→ **SOURCE MATERIAL**
▼▼▼

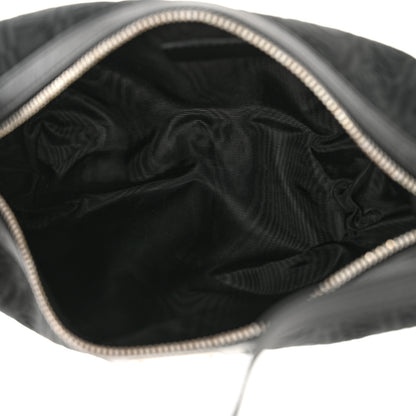 Salvatore Ferragamo Canvas Calfskin Logo Shoulder Bag Black 5 of 11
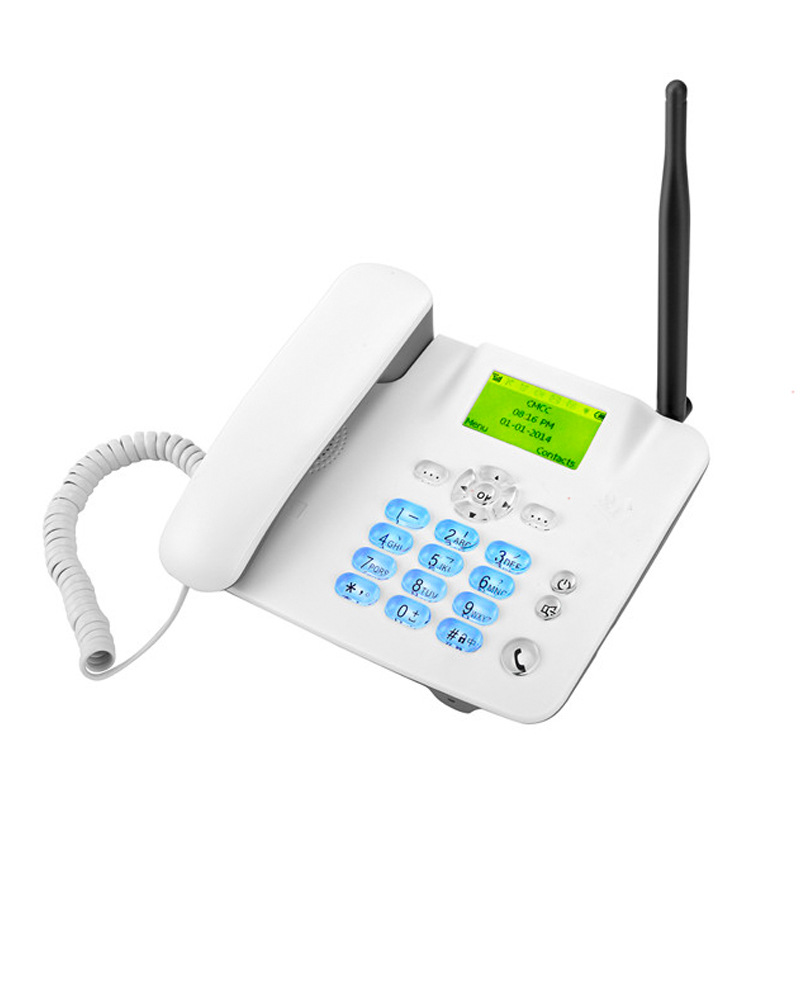 Picture of F317 Wireless Card Telephone Gsm Office Home Fm Radio Old Man Fixed Card Landline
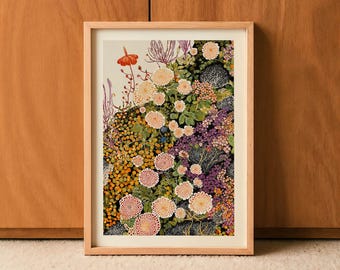 Wildflower Botanical Poster Unframed Floral Nature Wall Art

▲▲▲

→ **TASK PROMPT**
Skip the pictures. Please copy exactly the lines from the one with "Picture of F317" through the final line of the material above, both ends included.

→ **ANSWER SPACE**
 Picture of F317 Wireless Card Telephone Gsm Office Home Fm Radio Old Man Fixed Card Landline
 Wildflower Botanical Poster Unframed Floral Nature Wall Art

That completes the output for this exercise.